**Data supplied:**
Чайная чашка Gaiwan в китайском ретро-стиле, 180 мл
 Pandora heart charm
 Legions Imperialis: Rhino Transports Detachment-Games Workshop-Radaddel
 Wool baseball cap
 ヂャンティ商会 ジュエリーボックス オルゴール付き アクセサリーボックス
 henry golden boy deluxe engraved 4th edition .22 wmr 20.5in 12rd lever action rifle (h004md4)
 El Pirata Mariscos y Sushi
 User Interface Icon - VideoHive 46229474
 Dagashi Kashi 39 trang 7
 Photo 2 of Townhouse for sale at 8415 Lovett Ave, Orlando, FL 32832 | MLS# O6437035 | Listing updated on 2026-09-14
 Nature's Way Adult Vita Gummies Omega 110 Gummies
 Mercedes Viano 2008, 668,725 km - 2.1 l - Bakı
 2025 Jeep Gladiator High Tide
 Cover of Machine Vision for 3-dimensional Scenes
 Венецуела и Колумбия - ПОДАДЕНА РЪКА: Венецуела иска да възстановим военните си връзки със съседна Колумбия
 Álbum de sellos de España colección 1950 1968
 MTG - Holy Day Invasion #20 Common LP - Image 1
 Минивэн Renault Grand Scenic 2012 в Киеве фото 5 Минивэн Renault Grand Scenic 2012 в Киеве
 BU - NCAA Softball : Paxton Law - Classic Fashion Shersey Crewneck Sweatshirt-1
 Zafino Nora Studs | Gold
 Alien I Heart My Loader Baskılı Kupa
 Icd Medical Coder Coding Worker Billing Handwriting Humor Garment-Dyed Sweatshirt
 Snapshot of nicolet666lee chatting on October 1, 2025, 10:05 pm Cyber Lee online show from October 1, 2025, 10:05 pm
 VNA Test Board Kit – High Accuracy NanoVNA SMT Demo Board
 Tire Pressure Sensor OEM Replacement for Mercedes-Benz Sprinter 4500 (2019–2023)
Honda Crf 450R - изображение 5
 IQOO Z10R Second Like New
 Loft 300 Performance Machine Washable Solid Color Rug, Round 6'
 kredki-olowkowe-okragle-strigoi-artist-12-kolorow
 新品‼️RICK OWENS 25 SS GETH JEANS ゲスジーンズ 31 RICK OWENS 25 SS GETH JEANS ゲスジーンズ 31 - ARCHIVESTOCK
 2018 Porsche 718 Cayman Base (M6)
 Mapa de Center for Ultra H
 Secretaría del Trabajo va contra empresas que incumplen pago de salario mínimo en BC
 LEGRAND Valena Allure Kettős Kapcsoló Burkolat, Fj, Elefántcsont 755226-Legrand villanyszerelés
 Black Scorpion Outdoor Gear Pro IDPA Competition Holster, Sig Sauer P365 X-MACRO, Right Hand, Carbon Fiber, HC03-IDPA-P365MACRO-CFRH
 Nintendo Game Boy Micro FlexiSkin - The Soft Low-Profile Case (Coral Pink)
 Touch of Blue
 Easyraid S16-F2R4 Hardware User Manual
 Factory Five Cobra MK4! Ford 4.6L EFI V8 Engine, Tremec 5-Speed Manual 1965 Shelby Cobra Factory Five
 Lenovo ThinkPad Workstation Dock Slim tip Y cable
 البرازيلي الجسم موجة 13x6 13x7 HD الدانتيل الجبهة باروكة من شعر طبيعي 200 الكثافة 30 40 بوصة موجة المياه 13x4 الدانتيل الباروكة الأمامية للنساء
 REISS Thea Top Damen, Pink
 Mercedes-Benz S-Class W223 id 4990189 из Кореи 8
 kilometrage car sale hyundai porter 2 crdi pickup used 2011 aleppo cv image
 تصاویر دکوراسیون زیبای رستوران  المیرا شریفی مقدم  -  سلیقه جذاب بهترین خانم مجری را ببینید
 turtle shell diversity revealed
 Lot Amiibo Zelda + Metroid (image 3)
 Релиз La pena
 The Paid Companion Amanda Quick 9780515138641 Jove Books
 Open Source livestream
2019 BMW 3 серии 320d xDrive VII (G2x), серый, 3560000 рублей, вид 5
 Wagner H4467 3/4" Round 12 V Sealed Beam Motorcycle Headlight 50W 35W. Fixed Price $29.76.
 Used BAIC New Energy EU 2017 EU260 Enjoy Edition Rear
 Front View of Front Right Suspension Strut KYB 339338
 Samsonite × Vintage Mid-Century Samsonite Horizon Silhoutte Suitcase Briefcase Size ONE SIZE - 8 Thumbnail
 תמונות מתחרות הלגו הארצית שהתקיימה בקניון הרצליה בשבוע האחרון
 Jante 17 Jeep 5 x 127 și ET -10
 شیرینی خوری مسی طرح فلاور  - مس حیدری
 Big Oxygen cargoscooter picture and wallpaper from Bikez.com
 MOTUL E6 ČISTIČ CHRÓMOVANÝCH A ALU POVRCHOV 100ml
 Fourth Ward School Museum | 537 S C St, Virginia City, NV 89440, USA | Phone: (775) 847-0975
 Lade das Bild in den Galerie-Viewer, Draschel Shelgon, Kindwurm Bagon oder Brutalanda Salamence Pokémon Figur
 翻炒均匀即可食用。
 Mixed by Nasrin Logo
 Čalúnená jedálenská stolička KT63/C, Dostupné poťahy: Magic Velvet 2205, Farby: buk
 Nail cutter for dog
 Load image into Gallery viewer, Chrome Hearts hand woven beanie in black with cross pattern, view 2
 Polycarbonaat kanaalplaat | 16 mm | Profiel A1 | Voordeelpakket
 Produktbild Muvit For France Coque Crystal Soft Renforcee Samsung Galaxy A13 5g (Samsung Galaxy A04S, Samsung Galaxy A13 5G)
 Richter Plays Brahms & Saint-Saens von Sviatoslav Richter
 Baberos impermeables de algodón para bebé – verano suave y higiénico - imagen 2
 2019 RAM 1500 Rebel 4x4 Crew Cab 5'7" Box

**Exercise directions:** What is needed is a faithful transcription of every entry.

**Answer section:**
Чайная чашка Gaiwan в китайском ретро-стиле, 180 мл
 Pandora heart charm
 Legions Imperialis: Rhino Transports Detachment-Games Workshop-Radaddel
 Wool baseball cap
 ヂャンティ商会 ジュエリーボックス オルゴール付き アクセサリーボックス
 henry golden boy deluxe engraved 4th edition .22 wmr 20.5in 12rd lever action rifle (h004md4)
 El Pirata Mariscos y Sushi
 User Interface Icon - VideoHive 46229474
 Dagashi Kashi 39 trang 7
 Photo 2 of Townhouse for sale at 8415 Lovett Ave, Orlando, FL 32832 | MLS# O6437035 | Listing updated on 2026-09-14
 Nature's Way Adult Vita Gummies Omega 110 Gummies
 Mercedes Viano 2008, 668,725 km - 2.1 l - Bakı
 2025 Jeep Gladiator High Tide
 Cover of Machine Vision for 3-dimensional Scenes
 Венецуела и Колумбия - ПОДАДЕНА РЪКА: Венецуела иска да възстановим военните си връзки със съседна Колумбия
 Álbum de sellos de España colección 1950 1968
 MTG - Holy Day Invasion #20 Common LP - Image 1
 Минивэн Renault Grand Scenic 2012 в Киеве фото 5 Минивэн Renault Grand Scenic 2012 в Киеве
 BU - NCAA Softball : Paxton Law - Classic Fashion Shersey Crewneck Sweatshirt-1
 Zafino Nora Studs | Gold
 Alien I Heart My Loader Baskılı Kupa
 Icd Medical Coder Coding Worker Billing Handwriting Humor Garment-Dyed Sweatshirt
 Snapshot of nicolet666lee chatting on October 1, 2025, 10:05 pm Cyber Lee online show from October 1, 2025, 10:05 pm
 VNA Test Board Kit – High Accuracy NanoVNA SMT Demo Board
 Tire Pressure Sensor OEM Replacement for Mercedes-Benz Sprinter 4500 (2019–2023)
Honda Crf 450R - изображение 5
 IQOO Z10R Second Like New
 Loft 300 Performance Machine Washable Solid Color Rug, Round 6'
 kredki-olowkowe-okragle-strigoi-artist-12-kolorow
 新品‼️RICK OWENS 25 SS GETH JEANS ゲスジーンズ 31 RICK OWENS 25 SS GETH JEANS ゲスジーンズ 31 - ARCHIVESTOCK
 2018 Porsche 718 Cayman Base (M6)
 Mapa de Center for Ultra H
 Secretaría del Trabajo va contra empresas que incumplen pago de salario mínimo en BC
 LEGRAND Valena Allure Kettős Kapcsoló Burkolat, Fj, Elefántcsont 755226-Legrand villanyszerelés
 Black Scorpion Outdoor Gear Pro IDPA Competition Holster, Sig Sauer P365 X-MACRO, Right Hand, Carbon Fiber, HC03-IDPA-P365MACRO-CFRH
 Nintendo Game Boy Micro FlexiSkin - The Soft Low-Profile Case (Coral Pink)
 Touch of Blue
 Easyraid S16-F2R4 Hardware User Manual
 Factory Five Cobra MK4! Ford 4.6L EFI V8 Engine, Tremec 5-Speed Manual 1965 Shelby Cobra Factory Five
 Lenovo ThinkPad Workstation Dock Slim tip Y cable
 البرازيلي الجسم موجة 13x6 13x7 HD الدانتيل الجبهة باروكة من شعر طبيعي 200 الكثافة 30 40 بوصة موجة المياه 13x4 الدانتيل الباروكة الأمامية للنساء
 REISS Thea Top Damen, Pink
 Mercedes-Benz S-Class W223 id 4990189 из Кореи 8
 kilometrage car sale hyundai porter 2 crdi pickup used 2011 aleppo cv image
 تصاویر دکوراسیون زیبای رستوران  المیرا شریفی مقدم  -  سلیقه جذاب بهترین خانم مجری را ببینید
 turtle shell diversity revealed
 Lot Amiibo Zelda + Metroid (image 3)
 Релиз La pena
 The Paid Companion Amanda Quick 9780515138641 Jove Books
 Open Source livestream
2019 BMW 3 серии 320d xDrive VII (G2x), серый, 3560000 рублей, вид 5
 Wagner H4467 3/4" Round 12 V Sealed Beam Motorcycle Headlight 50W 35W. Fixed Price $29.76.
 Used BAIC New Energy EU 2017 EU260 Enjoy Edition Rear
 Front View of Front Right Suspension Strut KYB 339338
 Samsonite × Vintage Mid-Century Samsonite Horizon Silhoutte Suitcase Briefcase Size ONE SIZE - 8 Thumbnail
 תמונות מתחרות הלגו הארצית שהתקיימה בקניון הרצליה בשבוע האחרון
 Jante 17 Jeep 5 x 127 și ET -10
 شیرینی خوری مسی طرح فلاور  - مس حیدری
 Big Oxygen cargoscooter picture and wallpaper from Bikez.com
 MOTUL E6 ČISTIČ CHRÓMOVANÝCH A ALU POVRCHOV 100ml
 Fourth Ward School Museum | 537 S C St, Virginia City, NV 89440, USA | Phone: (775) 847-0975
 Lade das Bild in den Galerie-Viewer, Draschel Shelgon, Kindwurm Bagon oder Brutalanda Salamence Pokémon Figur
 翻炒均匀即可食用。
 Mixed by Nasrin Logo
 Čalúnená jedálenská stolička KT63/C, Dostupné poťahy: Magic Velvet 2205, Farby: buk
 Nail cutter for dog
 Load image into Gallery viewer, Chrome Hearts hand woven beanie in black with cross pattern, view 2
 Polycarbonaat kanaalplaat | 16 mm | Profiel A1 | Voordeelpakket
 Produktbild Muvit For France Coque Crystal Soft Renforcee Samsung Galaxy A13 5g (Samsung Galaxy A04S, Samsung Galaxy A13 5G)
 Richter Plays Brahms & Saint-Saens von Sviatoslav Richter
 Baberos impermeables de algodón para bebé – verano suave y higiénico - imagen 2
 2019 RAM 1500 Rebel 4x4 Crew Cab 5'7" Box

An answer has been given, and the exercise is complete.